▶ **Dataset content**
------------------------------------------------

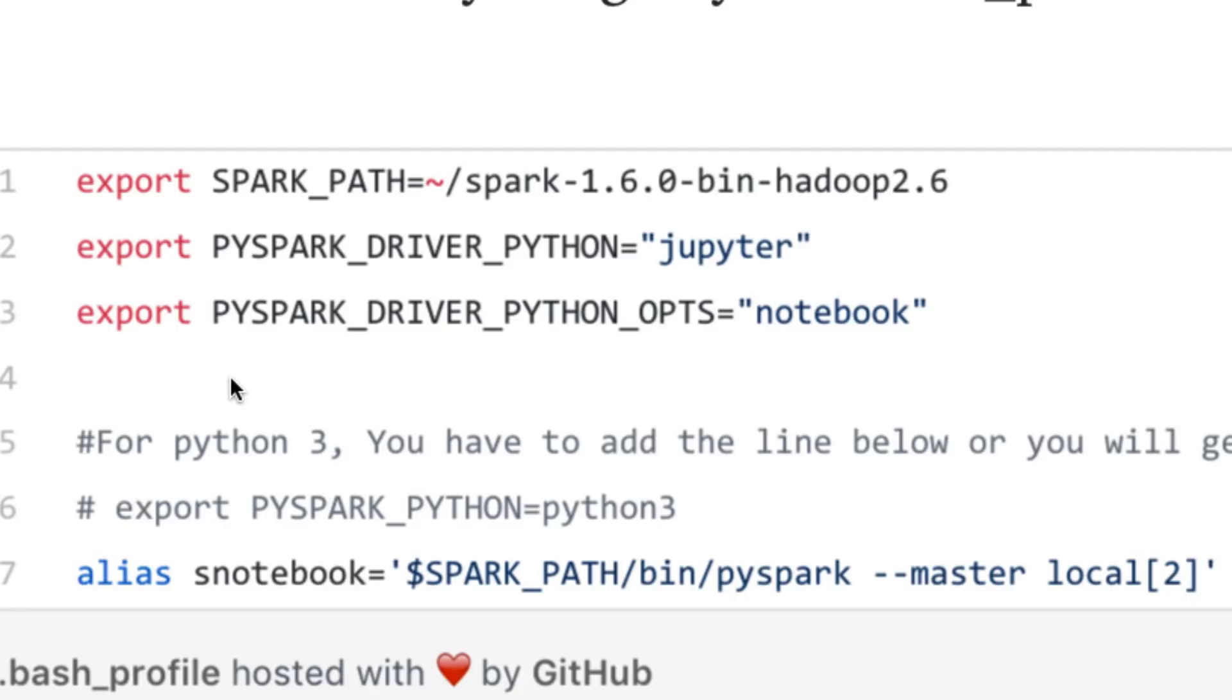And in addition, we're using Python 3. What you're going to want to do is take away the comment right here because we will be adding a line below, so we don't get any errors. Again, do not delete anything from your bash profile. Just copy this information, add it, change the spark version.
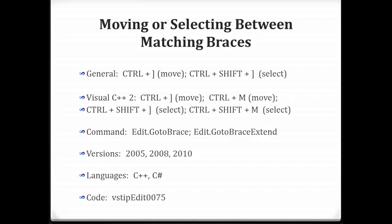Hello everybody and welcome. My name is Zane Naboulsi and today we're going to be talking about moving or selecting between matching braces for the Visual Studio Tips and Tricks.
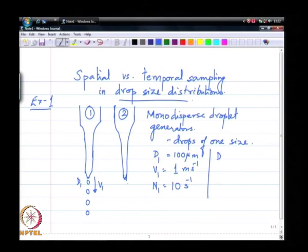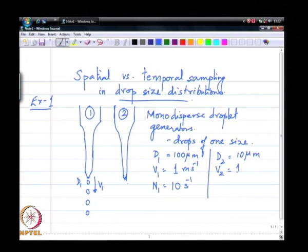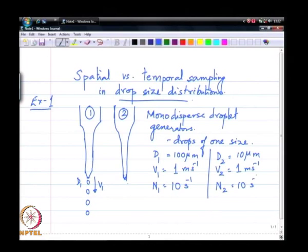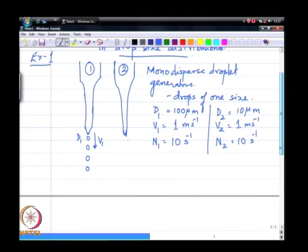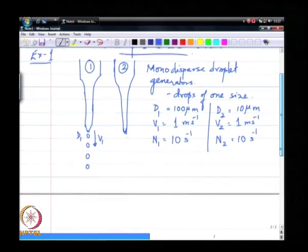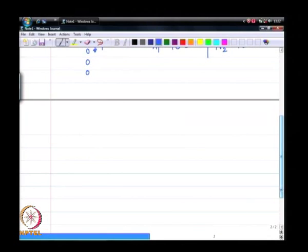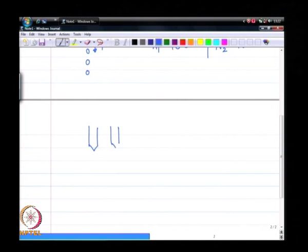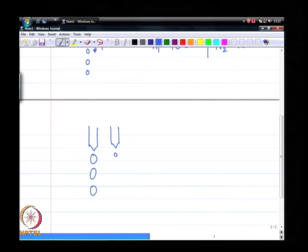Note that the number frequency has nothing to do with velocity — they are completely different measures of how fast the drop may be moving. Likewise, D2 is much smaller, say 10 micrometers. We will start by looking at the situation where V2 and N2 are the same as V1 and N1. Essentially the atomizer is composed of two little needles: one producing 100 micron drops and another producing 10 micron drops.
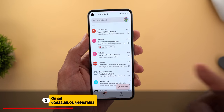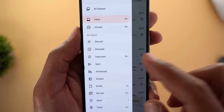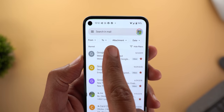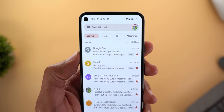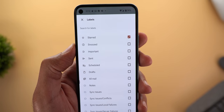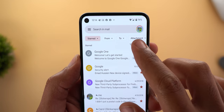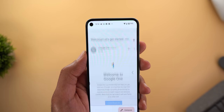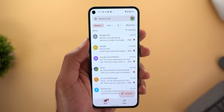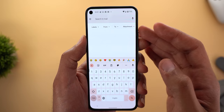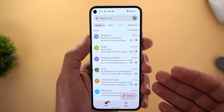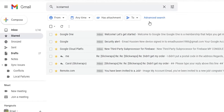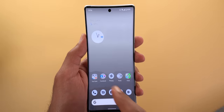Gmail got one new change: when you open any label like starred, important, and so on, you'll see filters at the top to help you locate messages. The filters include: from, to, attachment, date, is unread, exclude calendar events, and a label switcher. The web version of Gmail also got the same feature, with filters appearing under the search bar.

------------------------------------------------

▶ **Task**
All of the lines above should be printed exactly, minus the pictures.

▶ **Written solution**
And in addition, we're using Python 3. What you're going to want to do is take away the comment right here because we will be adding a line below, so we don't get any errors. Again, do not delete anything from your bash profile. Just copy this information, add it, change the spark version.
Hello everybody and welcome. My name is Zane Naboulsi and today we're going to be talking about moving or selecting between matching braces for the Visual Studio Tips and Tricks.
Note that the number frequency has nothing to do with velocity — they are completely different measures of how fast the drop may be moving. Likewise, D2 is much smaller, say 10 micrometers. We will start by looking at the situation where V2 and N2 are the same as V1 and N1. Essentially the atomizer is composed of two little needles: one producing 100 micron drops and another producing 10 micron drops.
Gmail got one new change: when you open any label like starred, important, and so on, you'll see filters at the top to help you locate messages. The filters include: from, to, attachment, date, is unread, exclude calendar events, and a label switcher. The web version of Gmail also got the same feature, with filters appearing under the search bar.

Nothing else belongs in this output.